# AutoSleeeper fabric freebie...



## peejay (May 10, 2005)

Just had a garage sort out today and found some fabric we bought for our last van, an A/S Nuevo, but i'm sure other models had this pattern as well.

I can't remember what the pattern is called but the piccy should speak for itself......










Theres a piece about 4' 6" by 5' so there should be enough for maybe a couple of cushions or something.

All i want is funds to cover the cost of p&p.

reply here or pm me if interested.

pete


----------



## FoweyBoy (Dec 7, 2006)

Hi Pete

Its the wrong pattern for our recently acquired Nuevo - unfortunately. Can you buy spare fabric from Auto-Sleepers?

David


----------



## peejay (May 10, 2005)

Hi David, welcome to MHFacts.

You should have no problems getting fabric from Autosleepers, thats where I got mine from.
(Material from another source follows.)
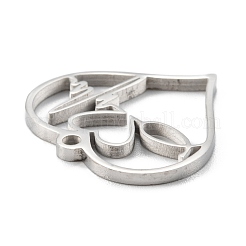 Подвески из нержавеющей стали 304&nbsp;STAS-G251-08P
Give them a call on 01386 853511 and quote the build no of your motorhome and they can trace the exact fabric for you, this number is usually located on a sticker in the glovebox.

pete


----------



## Nogin (Nov 10, 2006)

Hi Pete

The material looks an exact match for my Nuevo ES 2003. If it's still available I love to have it, my wife Mo is keen to make a couple of cushions. Perhaps you could Email me details re payment etc. my address is [email protected]

Regards Nogin


----------